I'm sure I wasn't the only one shocked to find this in Christianity Today. (For anyone troubled by the "fire and brimstone" tone of the above passage, make sure to read the whole article; Cary also discusses the beautiful consequences of identifying with Rahab, i.e. "You could say that what frees Rahab from herem is hesed, the lovingkindness of her relationship with Israel.")
Before concluding the article, Cary discusses to the historical relationship between Gentile Christians and Israel:
"In you all the families of the earth shall be blessed" (Gen. 12:3, esv)...Christ himself fulfills these words, making the blessing of Abraham into a blessing for all who believe.

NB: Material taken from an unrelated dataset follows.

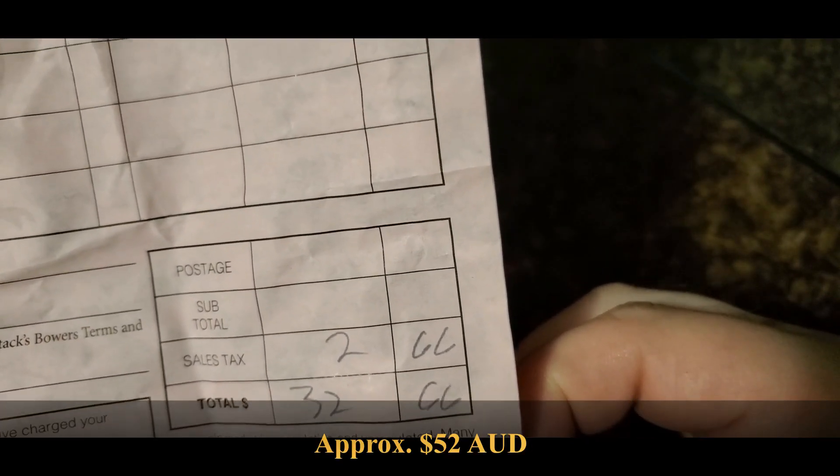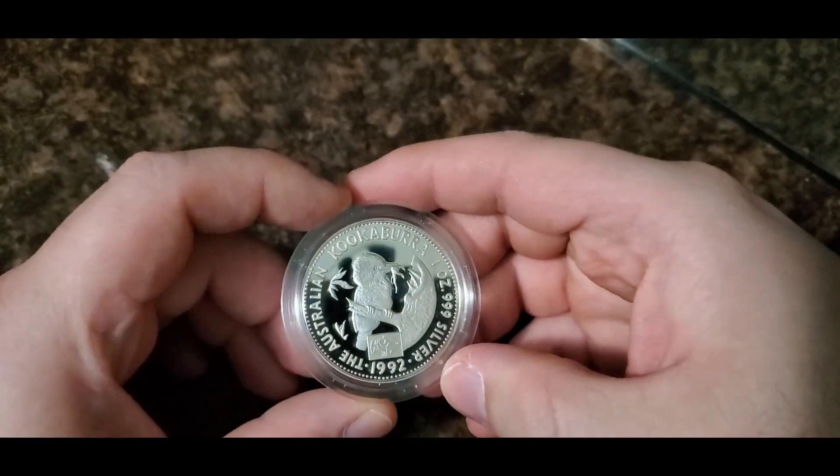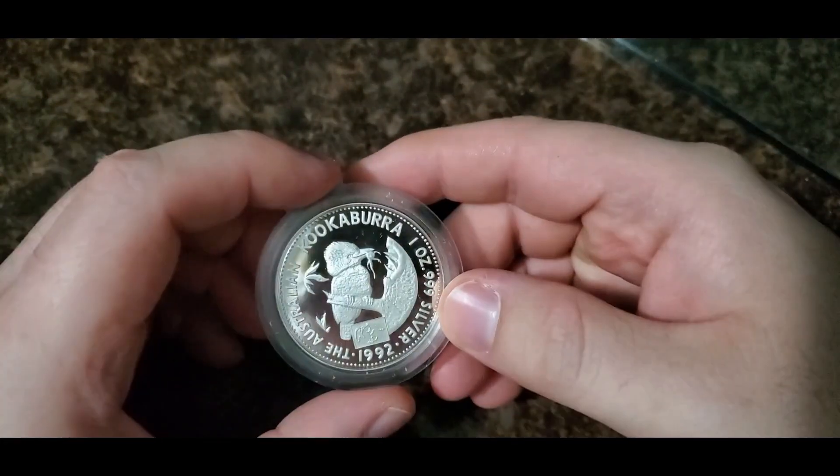I've got the sales receipt here — again I don't want to show too much personal information — it's marked as $30 and with tax and everything else came out to $32.66. I figured for that price, why not? I recently acquired another Kookaburra from I believe 2016 and paid approximately the same thing.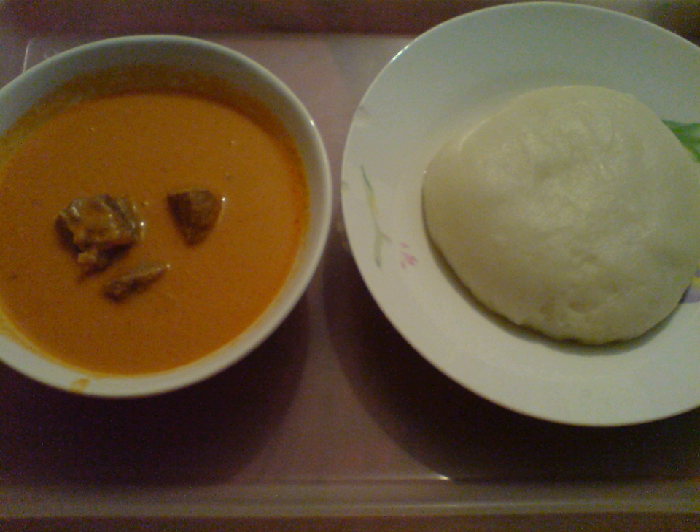Mashed yams are also sometimes used to prepare foutu. Fufu is pounded cassava. Pulani buli is a porridge with rice, peanut butter, millet flour and lemon. Gozo is a paste prepared from cassava flour. Kanda tnyma consists of spicy meatballs made with beef.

Because of this gospel blessing, we can hear "I am the Lord your God" as words addressed to us, since we too share the faith of Abraham. But notice what this commits us to. It means we Gentile believers in Christ are to be a blessing to the people of Israel, "that by the mercy shown to you they also may now receive mercy," as Paul says (Rom. 11:31, esv).
Alas, what sort of blessing have Gentile Christians been to Israel? So much persecution of the Jews fills our history. Even our evangelism has often meant attempting to put an end to them. As Messianic Jews have recently pointed out, that is what Christians did by demanding that Jews who accept Christ must cease to practice Judaism—in effect ceasing to be Jews. It meant turning them away from their covenant with the God of Abraham and Moses, as if we had forgotten that this was none other than the God and Father of our Lord Jesus Christ.
Here Cary demonstrates familiarity with the central claims in Messianic Jewish thought--the unity of Jewish identity and Jewish practice, the validity of "Judaism," the deep flaws in the historic Christiant "gospel" of "Jesus, not Judaism." (Readers who find merit in Cary's insights here may want to check out his Jonah commentary before Yom Kippur.)
One other article in CT which may be of interest to Messianic readers is Daniel Harrell's account of The 30-day Leviticus Challenge his church did. I was half-expecting a conclusion like this: "After a whole month of these tedious and difficult laws, we were all more grateful for God's grace which sets us free from the law." Sure enough, Harrell set up a conclusion remarkably similar to this...and then elegantly debunked it:
But if reading Leviticus only succeeds in making you feel bad for being a lousy Christian, you've missed its point. Leviticus isn't in the Bible merely to show you your need for grace. It's in the Bible to show you what grace is for. The ancient Israelites were already chosen people before God gave them the Law. The Law's purpose was never to save anybody. Rather, its purpose was to show saved people how to live a saved life.
Reading on, I was also impressed by the transformations Harrell described in the lives of the Challenge participants: continued Sabbath practice, the conclusion that confession of sin is the "modern, post-Jesus equivalent" of sacrifices, and a congregational "Day of Atonement" (during Lent), of which he wrote:
Many left with similar feelings of walking on air—as well as intentions to be more grounded in God—which is precisely what grace (and the Law) are supposed to do. I couldn't help but wonder why we tend to view obedience as so burdensome. Could it be that we've never really obeyed?
Sounds like a pretty decent Day of Atonement to me.
HT Glenn for the tip about the Cary article.